どこへ行くでもなくこの部屋で仕事をし、家事をこなして、イザークの帰りを待つだけの日々。
それをどんなにか歯痒く思っているのは、ほかならぬイザーク自身だ。
……俺はアスランに、安らぎを与えられているのだろうか。
翌朝、イザークは一瞬で意識を覚醒させた。それは軍人として培われたものが鋭敏に何かを察知したからだ。
瞬時に跳ね起き、枕元に隠してあった銃を手に気配を探る。が、危険なものは感じない。気のせいか──と自分を笑いかけて気づいた。ベッドにアスランがいない。
いつもならイザークが起きた傍らでかわいい寝顔を見せているのだが。昨日、あんなことを考えたせいで神経が過敏になっていたのかもしれない。
そう結論付けて銃を戻し、頭を巡らせてベッドサイドの時計を確認する。するとイザークがいつも起きるより早い時間だ。そこで違和感を覚えた。
アスランが、俺より早く起きた? 仕事でもないのに?
不審に思ってリビングを覗くと、イザークは目にした光景に瞠目した。
「わわっ、焦げる!」
そう言って慌ててフライパンを返しているのは、間違いなくアスランだった。若干焼きすぎた卵焼きを皿に盛っている。それを待って、イザークは口を開いた。
「……何をしている」
アスランは傍目にもわかるほど飛び上がって、勢いよく振り返った。
「イザーク! もう起きたのか!? って、もうこんな時間!?」
時計を見て叫ぶアスランをよそに、イザークはキッチンを眺めた。卵焼きに、ウインナー、唐揚げ、レタスが一玉……そして、弁当箱。定番すぎるが、これはどう見ても。
「貴様、弁当を作っていたのか?」
聞くと、アスランは言葉もなく顔だけを赤く染めた。ややあって、こっくりと頷く。
「……お前に……今日はイザークの誕生日だから、驚かせてやろうと思ったのに」
──素直に、イザークは驚いた。それから、嬉しさが込み上げる。
罰が悪そうに口をすぼめるアスランに歩み寄って、抱き寄せる。アスランはなんなくイザークの腕に収まった。ぎゅう、と力を込める。
「……貴様はいま、幸せか?」
「イザーク……?」
アスランが不思議そうにイザークの名を呼ぶ。顔は見えないが、笑う気配がした。
「幸せだよ」
とん、と背中を叩かれる。
「毎日お前といられて、時には喧嘩して。
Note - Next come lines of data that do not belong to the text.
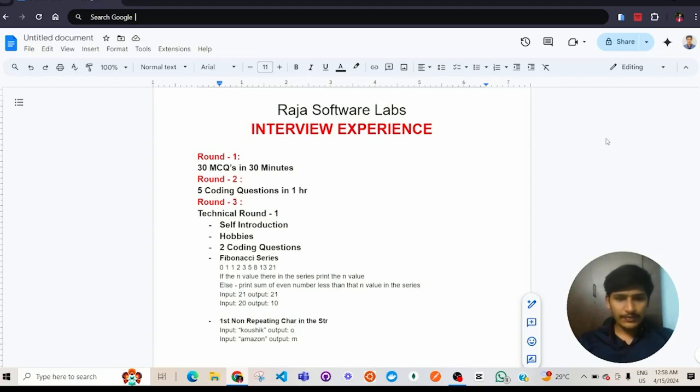In round 3, which is technical round 1, they started by asking me about my self-introduction and questions on hobbies.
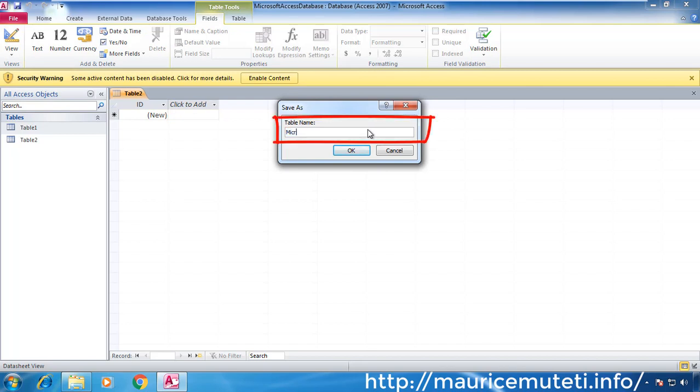You'll be prompted to enter a table name. Enter the desired name and click OK.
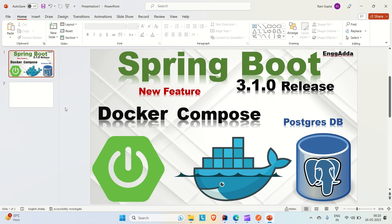Hi everyone, Ravid Saeed here. Welcome to Engineering Adda. In this video we are going to look into the Spring Boot 3.1.0 release new feature which provides support for external services like TestContainer or Docker Compose.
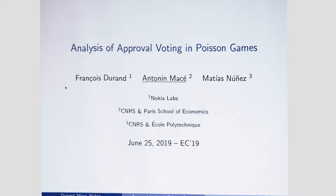Hi, my name is Antonin. I'm very pleased to be here and I will present a joint work with Francois Durand from Nokia Labs and Mathias Nunez who is also at CNRS.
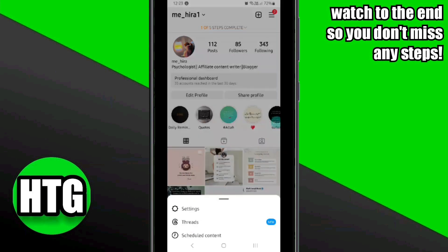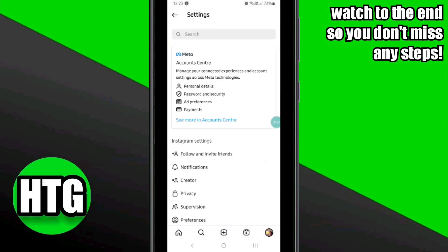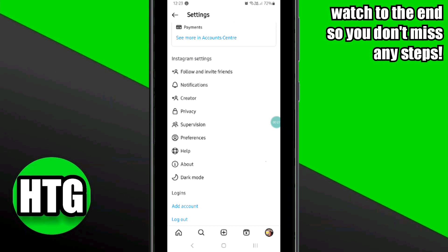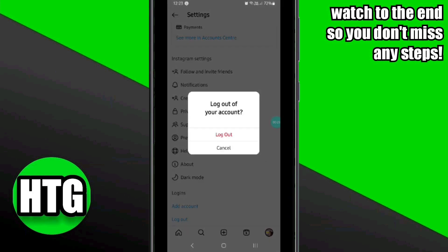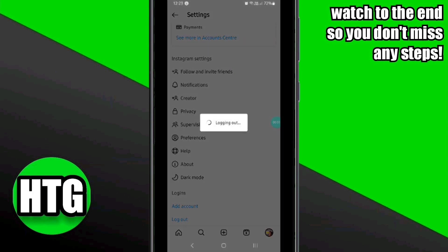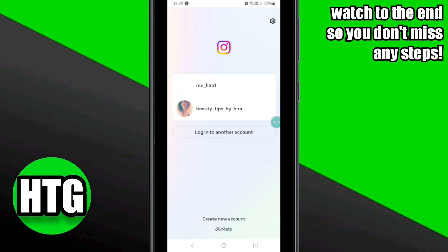Here you have to click on the hamburger icon at the top right corner, then click on Settings. Scroll down, then click on Logout, and again click on the Logout option to log out from your account.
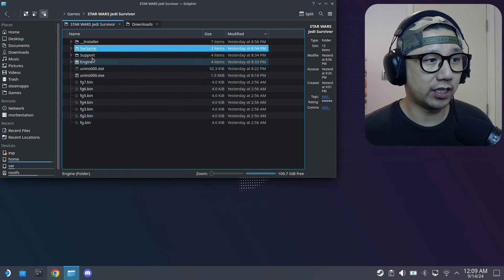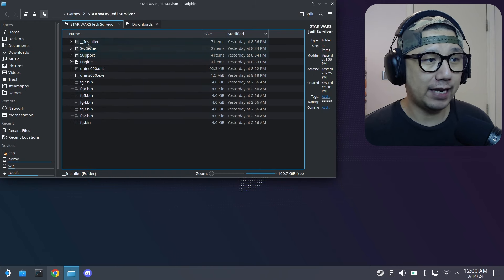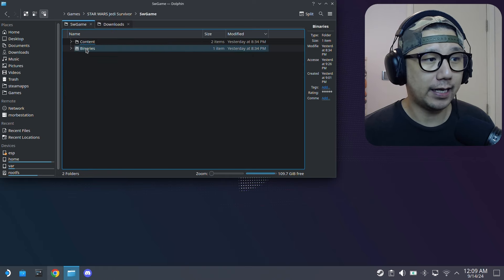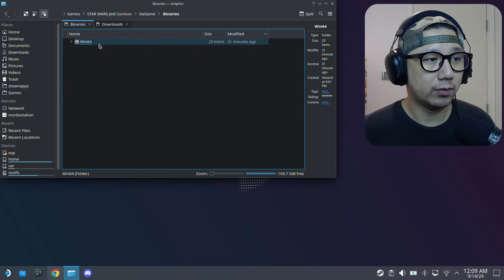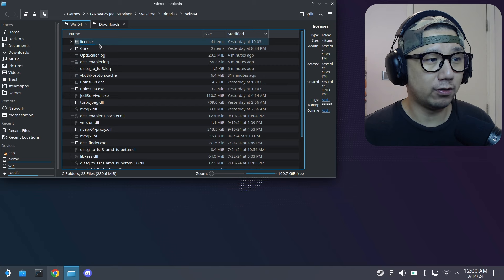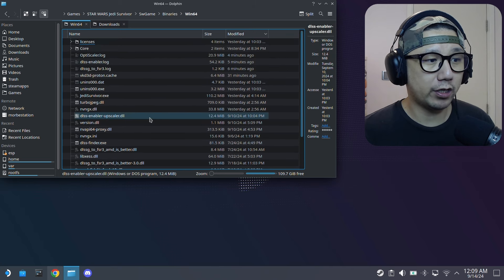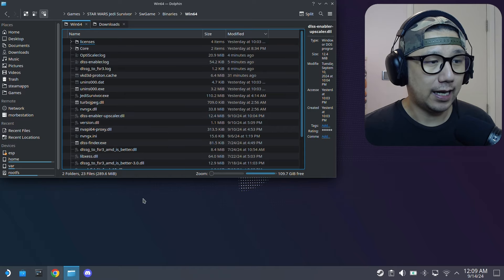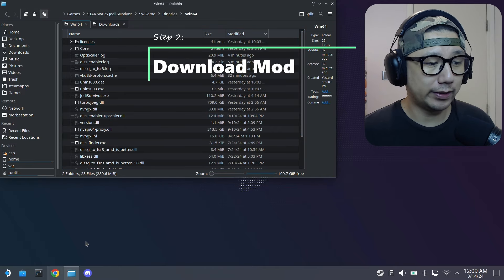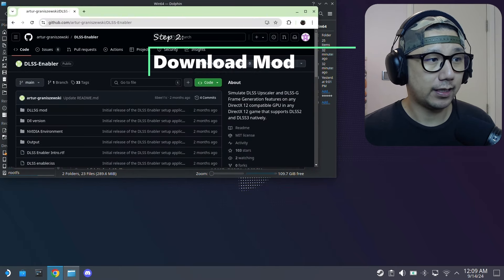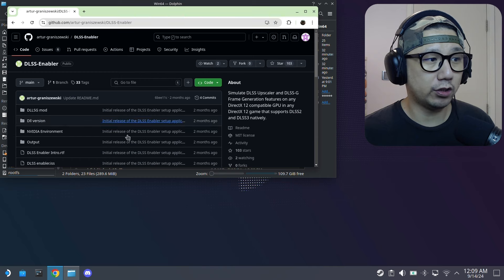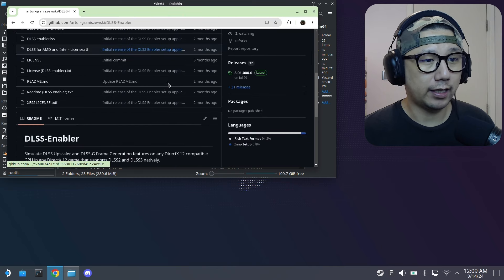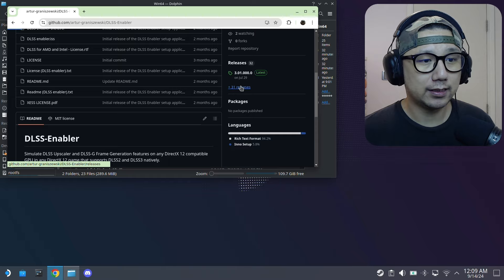Welcome back to Steam Deck desktop mode. First, locate your game folder — mine is in Games > Star Wars Jedi Survivor. Inside the game folder there's a folder called SW Game, then Binaries, then Win64. That's where we'll put the mod files. Then download the mod — I'll link it in the description.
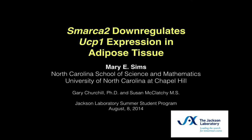Hi, my name is Mary Sims. I just graduated from the North Carolina School of Science and Mathematics and I'm about to begin my freshman year at the University of North Carolina at Chapel Hill. I'm going to present to you today about my findings that SMARCA2 down-regulates UCP1 expression in adipose tissue.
そんな、なんでもない日々を送れるいまが、俺はとても幸せだよ」
「……そうか」
ゆっくりと身体を離す。その翡翠を覗き込む。
「お前が幸せにしてくれた。俺に……楽園をくれたんだ」
ああ──と、イザークは息を吐いた。
それは何よりの言葉。イザークが望むもの。
「そうか……」
ひっそりと笑って、もう一度アスランを抱きしめる。
耳元で、アスランが囁いた。
「誕生日、おめでとう、イザーク。……生まれてきてくれて、ありがとう」
その日、イザーク・ジュールが持参したちょっぴり焦げた卵焼きの入ったオーソドックスな弁当は、少しだけ噂になった。